[PYTHON] Machine Learning x Web App Diagnosis: Recognize CAPTCHA with Cloud Vision API

Last time implemented a multi-layer perceptron using "Chainer" and tried to recognize CAPTCHA images. .. This time, I will try the same thing using Google's image analysis API "Cloud Vision API".

agenda

  1. Implementation code
  2. Try it
  3. Summary
  4. References

0. Implementation code

This time, I created a simple image analysis class for verification. As you can see, it just POSTs a JSON-formatted request defined by the Cloud Vision API.

MyRecognitionImage.py


#!/usr/bin/python
#coding:utf-8
import base64
import json
from requests import Request, Session


#Analyze images with Cloud Vision API
class RecognizeImage():

    def __init__(self):
        return

    #CAPTCHA analysis
    def recognize_captcha(self, str_image_path):
        #Loading CAPTCHA images
        bin_captcha = open(str_image_path, 'rb').read()

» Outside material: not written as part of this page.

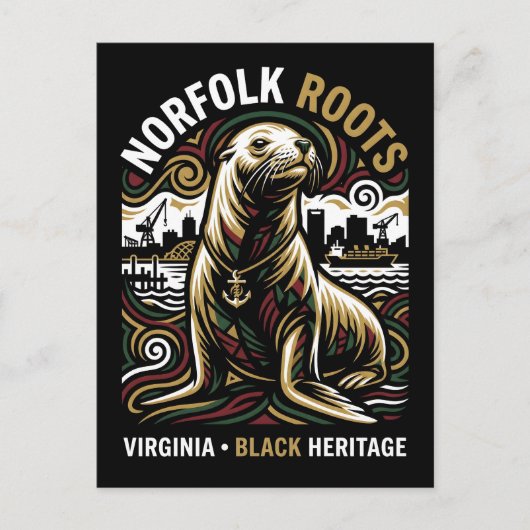 Norfolk Roots Sea Lion African American Maritime Briefkaart (Voorkant)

        #Encode CAPTCHA images with base64
        str_encode_file = base64.b64encode(bin_captcha)

        #Specify API URL
        str_url = "https://vision.googleapis.com/v1/images:annotate?key="

        #API key obtained in advance
        str_api_key = "XXXXXXXXX"

        # Content-Set Type to JSON
        str_headers = {'Content-Type': 'application/json'}

        #Define the JSON payload according to the Cloud Vision API specifications.
        #To extract the text from the CAPTCHA image, the type is "TEXT"_Set to "DETECTION".
        str_json_data = {
            'requests': [
                {
                    'image': {
                        'content': str_encode_file
                    },
                    'features': [
                        {
                            'type': "TEXT_DETECTION",
                            'maxResults': 10
                        }
                    ]
                }
            ]
        }

        #Send request
        obj_session = Session()
        obj_request = Request("POST",
                              str_url + str_api_key,
                              data=json.dumps(str_json_data),
                              headers=str_headers
                              )
        obj_prepped = obj_session.prepare_request(obj_request)
        obj_response = obj_session.send(obj_prepped,
                                        verify=True,
                                        timeout=60
                                        )

        #Acquisition of analysis results
        if obj_response.status_code == 200:
            print obj_response.text
            return obj_response.text
        else:
            return "error"

The following three points should be noted when using the API.

--Be sure to base64-encode the image to be analyzed. --Obtain an API key in advance to use the API. --Specify an appropriate "type" according to the purpose of analysis.

When the above code is executed, the following request is POSTed.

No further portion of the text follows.